Task to carry out
Please write out all of the data below exactly, without including the pictures.

Input records
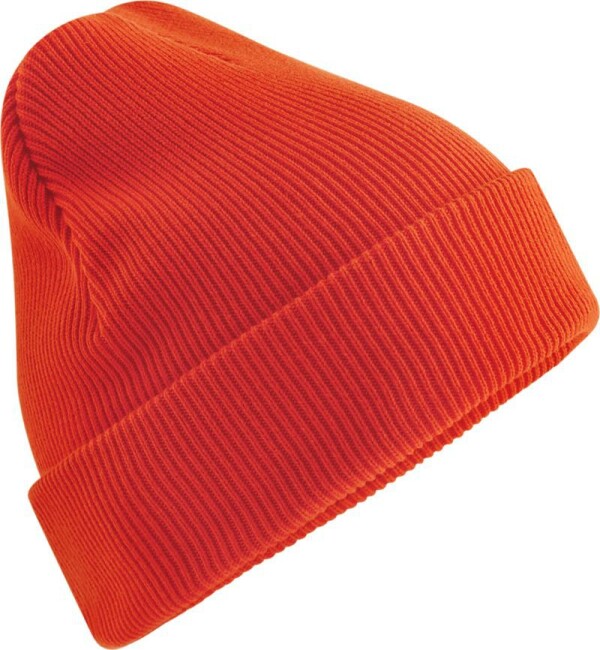 Bio Strickmütze B 830N
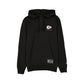 Kansas City Chiefs 2025 Functional Fandom Black Hoodie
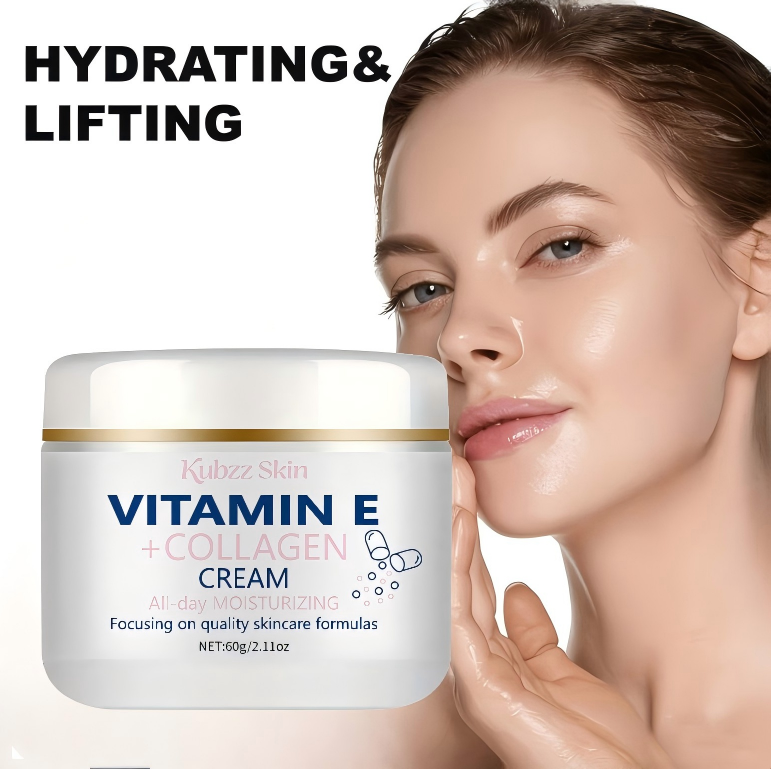 Creme de Vitamina E + Colágeno - Night Cream avaliação e preço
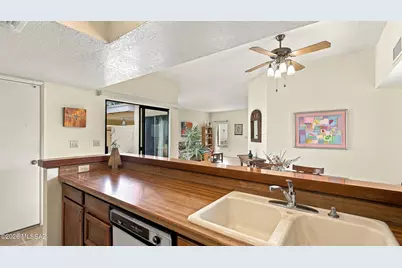 3313 N Glen Creek Drive, Tucson, AZ 85712 - Photo 15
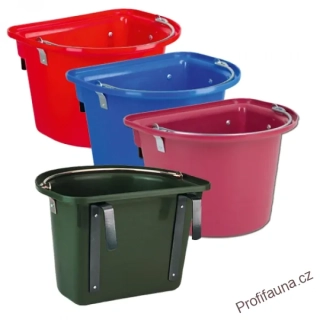 Závěsný žlab 12l, s uchem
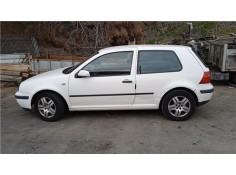 volkswagen golf iv berlina (1j1) del año 2001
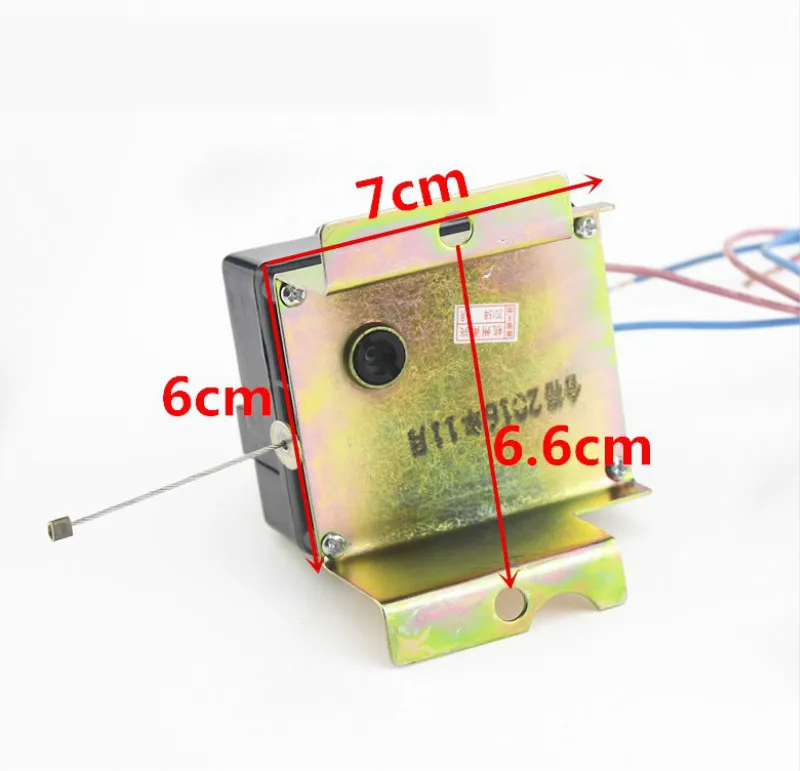 New washing machine tractor water drain valve motor universal XQP-5-S QXD22-1 XQD-221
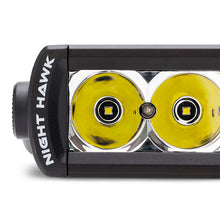 Load image into Gallery viewer, Bushranger Night Hawk LED Light Bar 24.5" (SKU: NHT245VLI)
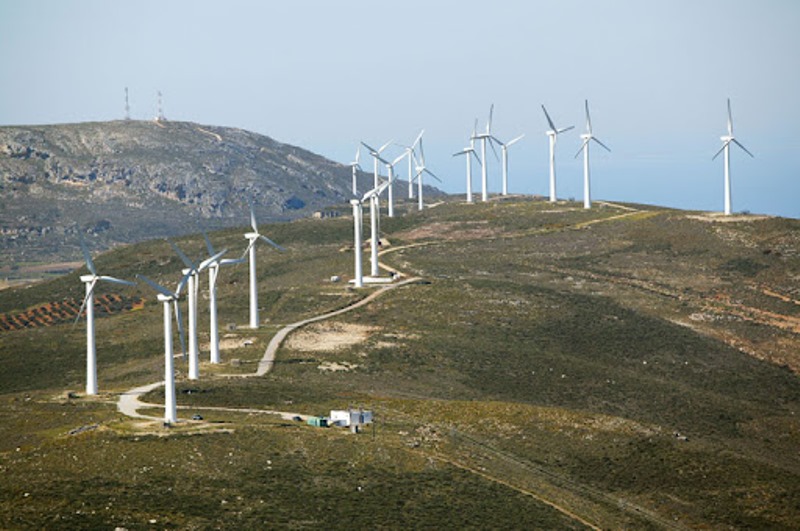 Ειδική μελέτη της ΡΑΕ για το πόσες Ανανεώσιμες Πηγές Ενέργειας “σηκώνει” η Κρήτη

Expected output
 Bio Strickmütze B 830N
 Kansas City Chiefs 2025 Functional Fandom Black Hoodie
 Creme de Vitamina E + Colágeno - Night Cream avaliação e preço
 3313 N Glen Creek Drive, Tucson, AZ 85712 - Photo 15
 Závěsný žlab 12l, s uchem
 volkswagen golf iv berlina (1j1) del año 2001
 New washing machine tractor water drain valve motor universal XQP-5-S QXD22-1 XQD-221
 Load image into Gallery viewer, Bushranger Night Hawk LED Light Bar 24.5" (SKU: NHT245VLI)
 Ειδική μελέτη της ΡΑΕ για το πόσες Ανανεώσιμες Πηγές Ενέργειας “σηκώνει” η Κρήτη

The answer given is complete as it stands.